La crise du papier est, à ce que je sache, mondiale. Elle frappe de plein fouet le marché algérien qui dépend à 100% des importations. Elle impacte fortement l’édition pour deux raisons principales. D’abord, le contingentement des importations fait que la pénurie s’est installée au profit de certains opérateurs qui contrôlent ce segment. Ensuite, il y a le fait que, au niveau du gouvernement, aucune mesure de soulagement fiscal n’est faite sur le papier destiné à la fabrication du livre. Le gouvernement se comporte avec toutes les entreprises, de tous les secteurs, de la même manière, sans aucunement tenir compte des spécificités de chaque secteur et de la plus-value symbolique que la culture peut apporter au pays. Encore une fois, il faut une véritable politique culturelle, qui repose sur une vision à long terme et sur une ouverture réfléchie et généreuse sur le monde. L’isolement n’immunisera pas l’Algérie ; il la tuera. 

  • La maison d’édition que vous dirigez (Frantz Fanon) a étoffé son catalogue. Nous croyons savoir que vous allez proposer, à l’occasion du Salon, de nouveaux titres liés à l’histoire nationale…

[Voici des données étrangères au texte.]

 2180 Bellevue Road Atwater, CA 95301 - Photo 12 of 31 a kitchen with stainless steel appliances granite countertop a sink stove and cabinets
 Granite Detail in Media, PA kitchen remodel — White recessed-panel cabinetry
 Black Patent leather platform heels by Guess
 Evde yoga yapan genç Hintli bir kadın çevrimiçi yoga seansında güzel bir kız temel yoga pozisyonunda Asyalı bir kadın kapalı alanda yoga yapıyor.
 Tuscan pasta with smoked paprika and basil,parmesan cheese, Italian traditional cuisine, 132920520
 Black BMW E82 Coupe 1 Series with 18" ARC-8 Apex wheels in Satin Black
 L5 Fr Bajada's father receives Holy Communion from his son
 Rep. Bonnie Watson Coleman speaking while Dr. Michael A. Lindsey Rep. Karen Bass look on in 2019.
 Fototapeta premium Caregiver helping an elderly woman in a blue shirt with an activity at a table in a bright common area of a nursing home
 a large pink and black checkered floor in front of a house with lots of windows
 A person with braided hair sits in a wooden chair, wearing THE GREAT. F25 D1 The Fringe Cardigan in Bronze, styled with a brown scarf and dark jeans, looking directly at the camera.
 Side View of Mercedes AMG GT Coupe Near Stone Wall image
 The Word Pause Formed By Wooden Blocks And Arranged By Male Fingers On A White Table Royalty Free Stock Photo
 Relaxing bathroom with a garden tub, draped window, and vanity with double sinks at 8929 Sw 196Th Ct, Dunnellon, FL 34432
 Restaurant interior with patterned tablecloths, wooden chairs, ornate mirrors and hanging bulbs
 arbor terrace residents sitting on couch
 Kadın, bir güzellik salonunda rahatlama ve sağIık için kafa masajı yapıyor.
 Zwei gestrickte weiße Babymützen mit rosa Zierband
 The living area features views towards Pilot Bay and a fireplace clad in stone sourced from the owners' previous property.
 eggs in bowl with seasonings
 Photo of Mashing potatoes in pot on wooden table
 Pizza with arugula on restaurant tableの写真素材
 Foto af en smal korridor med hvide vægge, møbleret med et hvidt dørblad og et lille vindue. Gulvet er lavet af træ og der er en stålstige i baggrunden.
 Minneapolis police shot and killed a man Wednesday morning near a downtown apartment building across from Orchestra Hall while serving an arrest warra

Nous avons prévu une vingtaine de nouveaux titres pour cette 25e édition. Malheureusement, à cause de la pénurie de papier, nous n’avons pu en publier qu’une dizaine. Nous en sommes un peu frustrés, mais le livre, c’est un travail de tous les jours et tout au long de l’année. Avec la patience et la passion de nos auteurs et lecteurs, la générosité de certains médias, comme El Watan, nous pourrons faire de belles choses aujourd’hui, demain et dans les mois et années à venir. 

Parmi nos nouveautés : il y a des livres de Abderrezak Dourari, Lamine Benallou, El Mahdi Acherchour, Hakim Laâlam, Saïd Sadi, Sadek Hadjeres, Mohamed Ifticene, Mohammed Arkoun, Valérie Zenatti et Kamel Bencheikh.